Node control works as follows: There are a few nodes on the map, sometimes occupied by neutral critters. Taking control of a node increases the regeneration rate of the player’s mana or energy. Energy is used to summon creatures from the deck directly to the battlefield. Each player starts with one unit called the Harbinger, and that commander unit is the win/lose condition, it is the target to eliminate after building an army with the combination of deck cards and mana. The problem is that once a player has the advantage over the map, then that advantage snowballs and it gets even more difficult for the losing player to turn the tide.

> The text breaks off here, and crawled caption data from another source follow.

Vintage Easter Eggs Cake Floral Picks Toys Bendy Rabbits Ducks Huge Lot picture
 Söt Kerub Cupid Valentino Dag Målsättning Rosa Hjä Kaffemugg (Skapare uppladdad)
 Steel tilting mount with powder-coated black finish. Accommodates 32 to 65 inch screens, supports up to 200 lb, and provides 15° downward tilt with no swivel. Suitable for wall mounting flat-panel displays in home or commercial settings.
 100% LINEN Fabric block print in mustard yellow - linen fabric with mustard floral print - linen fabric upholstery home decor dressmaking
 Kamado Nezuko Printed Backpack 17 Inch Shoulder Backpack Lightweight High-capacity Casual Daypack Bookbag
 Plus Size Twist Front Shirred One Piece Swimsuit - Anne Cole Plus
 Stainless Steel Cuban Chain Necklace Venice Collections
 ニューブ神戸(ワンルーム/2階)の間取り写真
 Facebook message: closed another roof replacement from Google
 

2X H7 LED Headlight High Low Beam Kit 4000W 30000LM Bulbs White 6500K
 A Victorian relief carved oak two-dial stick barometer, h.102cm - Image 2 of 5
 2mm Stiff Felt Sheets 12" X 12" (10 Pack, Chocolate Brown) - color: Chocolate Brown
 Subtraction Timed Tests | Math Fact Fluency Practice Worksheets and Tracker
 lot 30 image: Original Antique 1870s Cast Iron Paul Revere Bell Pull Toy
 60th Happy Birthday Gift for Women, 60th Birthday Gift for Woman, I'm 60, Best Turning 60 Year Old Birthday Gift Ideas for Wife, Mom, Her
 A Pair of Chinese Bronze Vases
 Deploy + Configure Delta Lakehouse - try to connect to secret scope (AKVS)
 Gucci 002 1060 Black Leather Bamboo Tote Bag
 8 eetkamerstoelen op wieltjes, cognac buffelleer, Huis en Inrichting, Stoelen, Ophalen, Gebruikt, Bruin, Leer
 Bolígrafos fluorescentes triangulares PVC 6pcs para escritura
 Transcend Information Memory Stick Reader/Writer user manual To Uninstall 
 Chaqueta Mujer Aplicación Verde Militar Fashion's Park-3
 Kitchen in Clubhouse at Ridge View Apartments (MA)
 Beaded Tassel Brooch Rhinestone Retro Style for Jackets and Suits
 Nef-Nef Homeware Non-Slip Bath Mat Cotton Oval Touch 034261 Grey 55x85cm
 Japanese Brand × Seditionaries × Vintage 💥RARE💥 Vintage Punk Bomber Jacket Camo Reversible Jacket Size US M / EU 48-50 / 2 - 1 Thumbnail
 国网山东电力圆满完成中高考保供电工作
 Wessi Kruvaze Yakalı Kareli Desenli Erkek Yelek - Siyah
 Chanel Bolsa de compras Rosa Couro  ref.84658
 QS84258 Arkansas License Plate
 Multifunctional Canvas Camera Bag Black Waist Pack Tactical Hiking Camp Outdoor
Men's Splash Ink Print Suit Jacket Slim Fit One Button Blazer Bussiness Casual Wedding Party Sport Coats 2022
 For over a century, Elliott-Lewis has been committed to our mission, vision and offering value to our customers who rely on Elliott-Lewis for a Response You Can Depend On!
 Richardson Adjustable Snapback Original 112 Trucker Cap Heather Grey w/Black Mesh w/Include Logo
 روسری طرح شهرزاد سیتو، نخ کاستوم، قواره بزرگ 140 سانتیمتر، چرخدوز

Decks and cards are everywhere these days, and I am starting to feel the fatigue. Sometimes it works well, but sometimes it does not, and I feel that in the case of Golem Gates it does not. First, there are just too many cards to put into a deck. Too many cards to choose from, and the slots are infinite – a bit messy. It does not feel like much of a tactical decision, what it feels like is frustration for not yet having all the cool stuff that other players already have. The problem is also that once the cards have been played, the deck does not cycle to the beginning until you expressly order it to, and then the game intentionally freezes your capacity to give orders for 15 seconds. Before doing that deck refresh, players can reach a point when they run out of units to place on the map – managing that is just not fun. I never really enjoyed the overall pacing of the game because of the deck usage, which is annoying because I usually find that node control games are supposed to be faster paced and more dynamic.
Controls and strategy
Units themselves look like alien tech, thus the first struggle is to understand who does what. Right from the start there are just too many units to learn, and without being able to zoom close enough it’s hard to distinguish what they are. They all share the same design and colors, which does not make this any easier. Eventually I got better at identifying them, but receiving units randomly from the huge deck does not in any way help with strategy. Basically, I was throwing whatever was available rather than what I needed. However, it does not matter all that much as I found that too many units just had numerical differences from one to the other. There are no unit powers to manage, powers like fireball or unit upgrades are cards in the deck. Thus, the units are both hard to understand and almost useless to understand. Another thing I disliked is that they are dropped as squads controlled as one, but they wander around a bit and mix themselves with other squads making identification and selection a bit difficult. Also, squads are never as precise to control as individual units, they give some sort of floaty feeling. Units are not as responsive or pleasurable to maneuver as in Blizzard games. This feels more like… Battleforge, an older game which also involved deck building. At least so far, I have not seen systems designed to depart players of their money. Finally, I was annoyed by the presence of defensive towers which can drag the pacing of the game down quite a lot, making it all the more harder for a losing player to turn the tide.
Atmosphere and game modes
The qualities of Golem Gates include the extensive options menu, and the music. Loved it, the art design and the music manage to give a soul and feel to the game. It’s only little things, but the atmosphere feels fantastic.
There are many game modes: either 1v1 with humans or AI (or a 4-player mode), a coop survival, and a campaign. So far only the tutorial was available, but I don’t really see the interest of a campaign if it’s the same maps and pacing as in multi-player.
As you might have noticed, I did not have a great time with Golem Gates. It’s only in Early Access so there is room for improvement, but I think that the game is too big for its own good. It tries to accomplish too much rather than first being a solid groundwork with a few units and more manageable graphics. At first, I had trouble learning about too many units. Gradually I got into the rhythm of the game, but I never enjoyed its pacing nor the layers of strategy.